It has to flush them. Because if another core sees the result of the atomic op i...

haberman · on Dec 11, 2020

Interesting, are you suggesting that a large part of the M1 performance advantage is thanks to the weaker ARM memory model?

Is the 20% perf hit of TSO mode that you cite an ARM vs. ARM comparison? If so, that would be pretty damning.

Is there an easy way to flip the M1 into TSO mode for benchmarking? I would love to observe this 20% for myself.

sharpneli · on Dec 11, 2020

Large part yes. But not The reason. It’s fast because of many things like that. TSO doesn’t affect single core perf much so it’s not really a factor there, and yet it’s blazingly fast. However the multicore perf is really great too.
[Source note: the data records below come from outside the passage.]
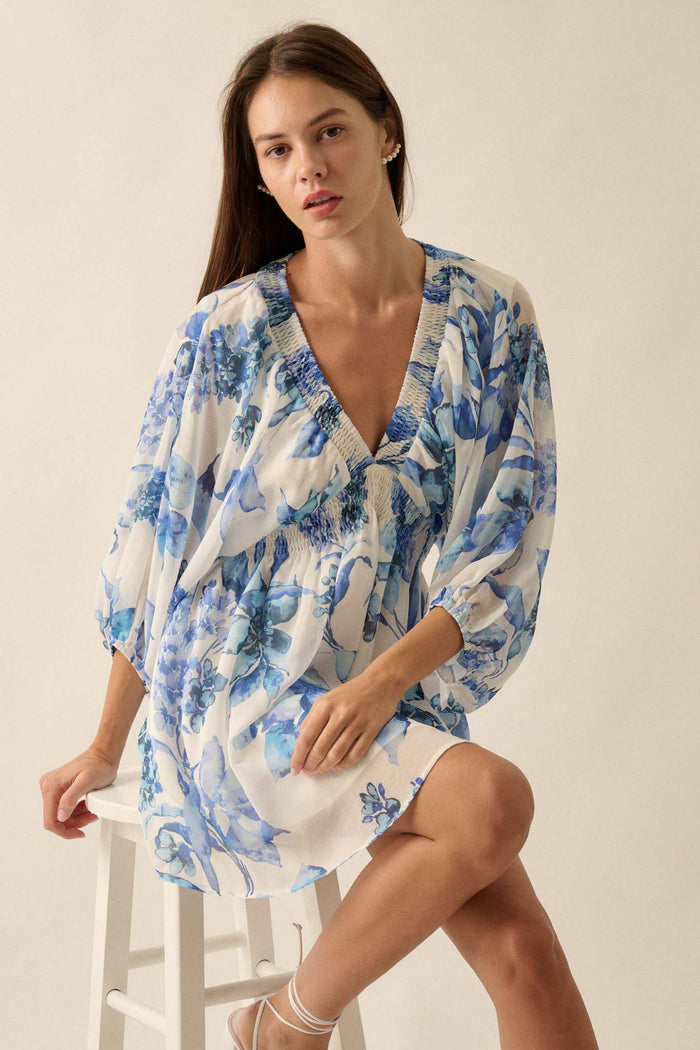 Royal Garden Floral Chiffon Kimono Mini Dress - ShopPromesa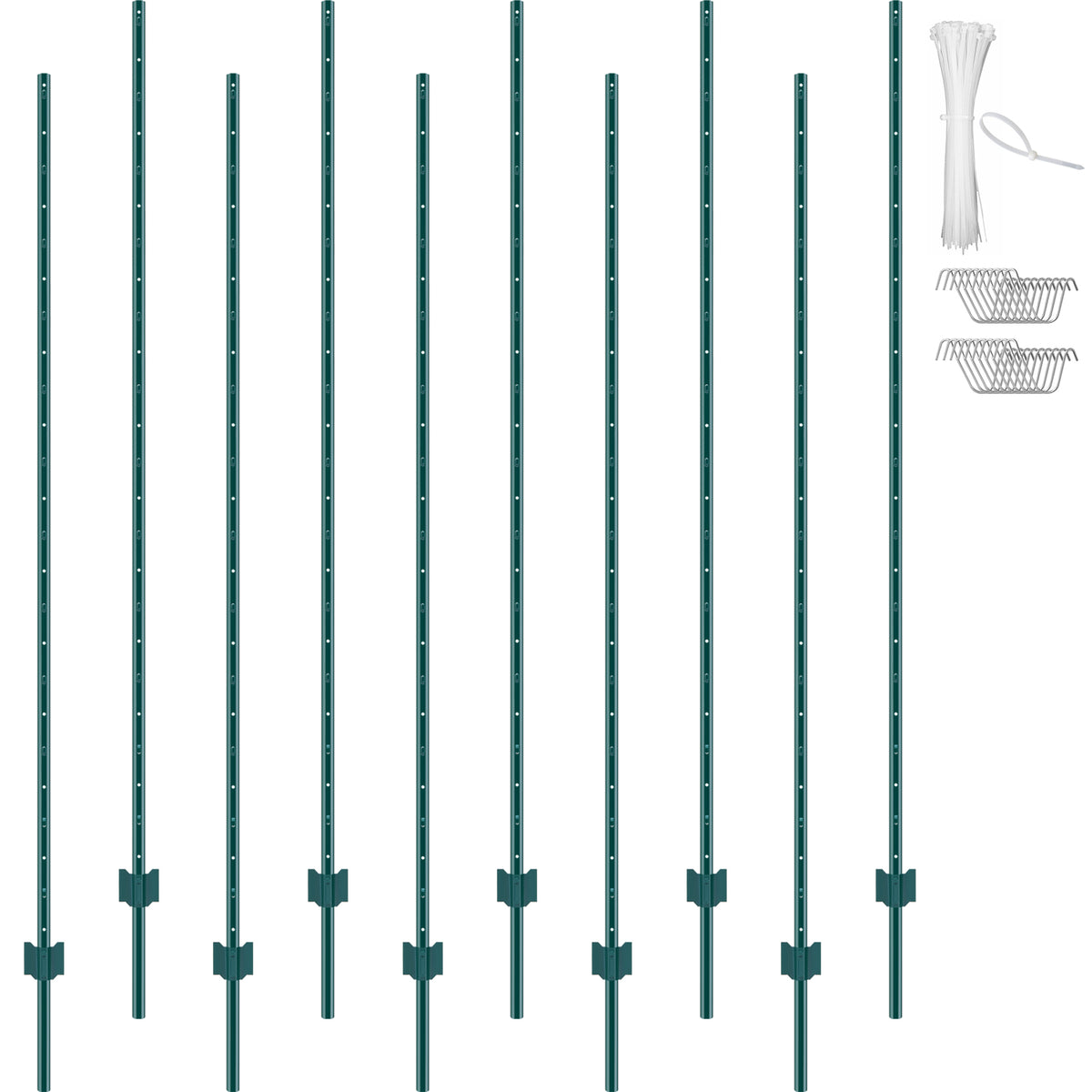 7 Feet Fence Post 10 Pack T-Post Heavy Duty Metal Fence Posts Green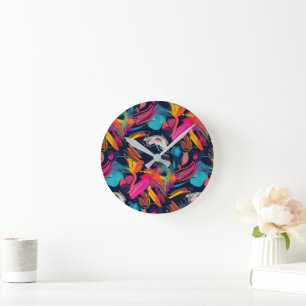 Horloge Ronde Graffiti éclaboussé de chaos vif
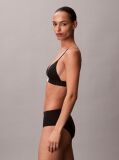 Black Lightly Lined Triangle Bralette - Heritage Classic Cotton Stretch  Women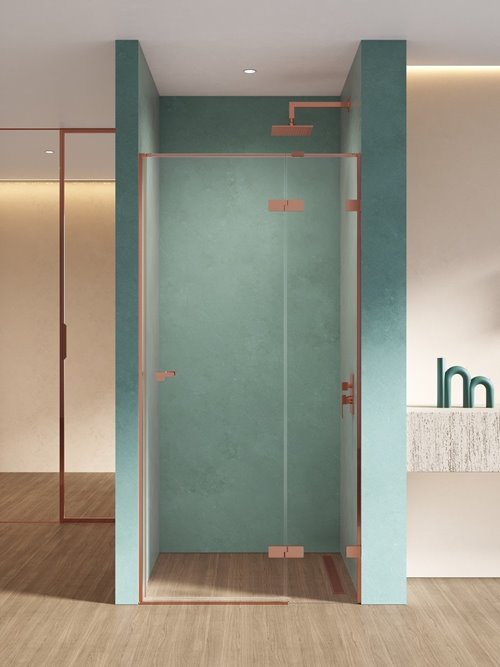 Miedziane drzwi prysznicowe uchylne 80 cm prawe EXK-6353 Eventa Copper Shine New Trendy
I haven’t verified the exact numbers myself. And it will depend on the exact thing you’re running. It’s just on the order of low tens of percents.

TSO cannot be enabled outside of rosetta as it’s not exactly a good arm extension. Perhaps you could do some trickery but Apple likely prevents that.

However you can test it by making something where you know rosetta generates comparable arm assembly from the X86 one and just run comparison that way. Some sort of parallel lockfree algorithm would be the best candidate.

saagarjha · on Dec 11, 2020

TSO is possible to enable outside of Rosetta with some shenanigans in the kernel. Unfortunately getting Rosetta to generate code that is comparable with what a compiler would create is quite difficult: it needs to lift x86 into its own IR and then re-do register allocation, which it is quite good at but obviously not perfect.